Fimeg/Redflag

Fork 0

Files

Fimeg 484a7f77ce Add docs and project files - force for Culurien

2026-03-28 20:46:24 -04:00

17 KiB

Raw Permalink Blame History

RedFlag Security Architecture Audit

Date: 2025-01-07 Version: 0.1.23 Status: 🔴 Security Claims Not Fully Implemented

Executive Summary

RedFlag claims to implement a comprehensive security architecture including:

Ed25519 digital signatures for agent updates
Nonce-based replay protection
Machine ID binding (anti-impersonation)
Trust-On-First-Use (TOFU) public key distribution
Command acknowledgment system

Finding: The security infrastructure code exists and is well-designed, but the update signing workflow is not operational.
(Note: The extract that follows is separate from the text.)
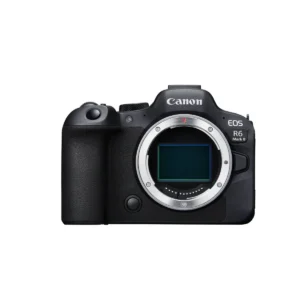 Canon EOS R6 Mark II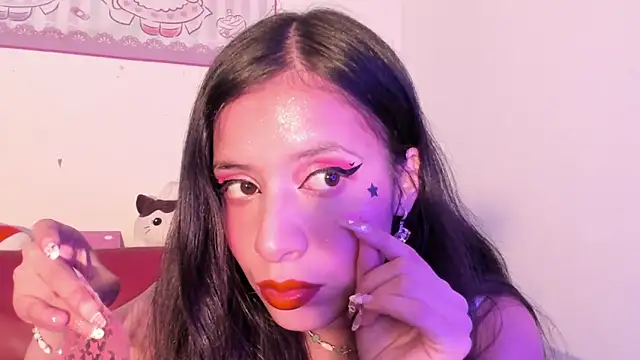 Misha Lover online show from February 27, 2026, 10:21 pm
Zero signed update packages exist in the database, meaning agent updates cannot currently be verified.

Security Components - Detailed Analysis

1. Ed25519 Digital Signatures

✅ What's Implemented (Code Level)

Server Side:

aggregator-server/internal/services/signing.go:45-66 - SignFile() function
- Reads binary file
- Computes SHA-256 checksum
- Signs with Ed25519 private key
- Returns signature + checksum
aggregator-server/internal/api/handlers/agent_updates.go:320-363 - SignUpdatePackage() endpoint
- Receives: {version, platform, architecture, binary_path}
- Calls SignFile()
- Stores in agent_update_packages table

Agent Side:

aggregator-agent/cmd/agent/subsystem_handlers.go:782-813 - verifyBinarySignature() function
- Loads cached server public key
- Reads binary file
- Verifies Ed25519 signature
- Returns error if invalid

Update Handler:

aggregator-agent/cmd/agent/subsystem_handlers.go:346-495 - handleUpdateAgent()
- Validates nonce (line 397)
- Downloads binary (line 436)
- Verifies checksum (line 449)
- Verifies Ed25519 signature (line 456)
- Installs with atomic backup/rollback

❌ What's Missing (Workflow Level)

No Signed Packages in Database:

SELECT COUNT(*) FROM agent_update_packages;
-- Result: 0

No Signing Automation:
- Agent binaries are built during docker compose build (Dockerfile:19-28)
- Binaries exist at /app/binaries/{platform}/redflag-agent (10.8MB each)
- But they are never signed and inserted into the database
No UI for Signing:
- Setup wizard generates Ed25519 keypair ✅
- No interface to sign binaries ❌
- No interface to view signed packages ❌
- No interface to manage package versions ❌

Update Flow Fails:

Admin clicks "Update Agent"
  → POST /agents/:id/update
  → GetUpdatePackageByVersion(version, platform, arch)
  → Returns 404: "update package not found"
  → Update never starts

🔍 Manual Verification

To verify signing works, an admin would need to:

# 1. Get auth token
TOKEN=$(curl -X POST http://localhost:8080/api/v1/auth/login \
  -d '{"username":"admin","password":"<password>"}' | jq -r .token)

# 2. Sign the binary
curl -X POST http://localhost:8080/api/v1/updates/packages/sign \
  -H "Authorization: Bearer $TOKEN" \
  -H "Content-Type: application/json" \
  -d '{
    "version": "0.1.23",
    "platform": "linux",
    "architecture": "amd64",
    "binary_path": "/app/binaries/linux-amd64/redflag-agent"
  }'

# 3. Verify in database
docker exec redflag-postgres psql -U redflag -d redflag \
  -c "SELECT version, platform, left(signature, 16) FROM agent_update_packages;"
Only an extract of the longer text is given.